The Controversy King and Palm Beach Rebel

If a Hillary Clinton loss denies history a first female president narrative, then the unconventional, controversy-driven antics of her opponent Donald Trump may chronicle another historic tale.

While Trump’s campaign continues to unnerve the nation, his style is all too familiar to residents of Palm Beach County who have spent decades battling their own Trump-focused squabbles. Since purchasing  the county’s most decorated estate in 1985, The Mar-a-Lago, founded by Marjorie Merriweather Post, the business mogul has been at the center of a series of issues for community members.

“It’s all about the Trumpster,” said Laurel Baker, executive director of the Palm Beach Chamber of Commerce in a 2015 Washington Post statement regarding Trump’s alleged ‘egotistical’ nature within the county. “I would venture to think that old Palm Beach doesn’t consider him one of their own.”

Trump has filed multiple lawsuits against Palm Beach during his 30-year residency, pursuing damages ranging from $25 million to $100 million.
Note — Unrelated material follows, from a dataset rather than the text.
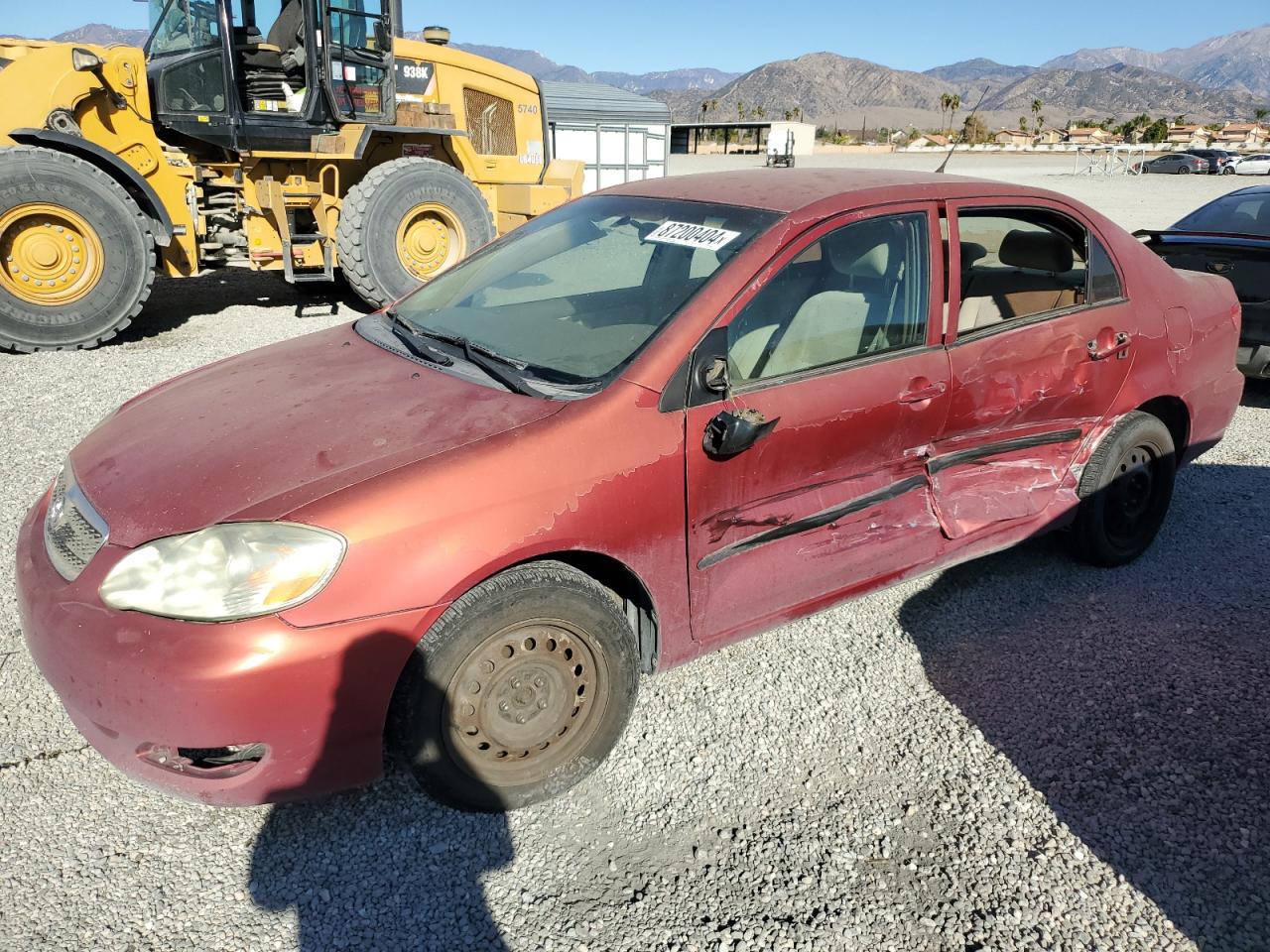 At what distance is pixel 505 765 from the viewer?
2.48 m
All matters have been either settled or dropped, but tremors of exasperation still remain among local populations.

“There is a lot of resistance,” said Tamara Newell, a late Palm Beach socialite who in 1994 expressed initial concerns for Trump’s arrival and real estate ambitions. “This is a new-money idea in an old-money location.”

Since his acquirement of Mar-a-Lago, which was shortly transformed into a beach club property, Trump has battled Palm Beach International Airport on noise-related issues, costing local taxpayers an estimated $600,000 over the course of the years since.

If Trump prevails in the most recent lawsuit against the airport, which seeks damages of $100 million for “creating an unreasonable amount of noise, emissions and pollutants at Mar-a-Lago,” then the cost for taxpayers will surely grow.

In 2006, Trump filed a $25 million lawsuit against county officials after being cited for a 15-by-25 foot flag that swayed its massiveness atop an 80-foot pole at the edge of the expansive estate, a height that exceeded standard county regulation by 42 feet.

Despite violations and zoning code negligence, the pole remained on the property, resulting in a $250 daily fine ordered by county officials and costing taxpayers another round of expense and frustration.

The defense team in the lawsuit argued against the county’s actions, claiming that a smaller flag on the property would get “lost” in the massive size of the estate.

“[A smaller flag] would fail to appropriately express the magnitude of Donald J. Trump’s and Club’s members’ patriotism,” stated Trump’s attorneys. They further argued that a citation against the flag was a citation against Trump’s first amendment rights.

Despite this passionate rhetoric, the case was ultimately settled, ending with Trump’s compliance and a donation to war veterans. For many Palm Beach residents however, the situation seemed to be yet another publicity stunt performed elegantly in true Trump fashion.

If the Palm Beach lawsuits are any indication of what four years under Trump’s presidency may produce, then the nation may be in for an unprecedented, tabloid-driven journey. For Palm Beach locals however, it is a journey that is known all too well.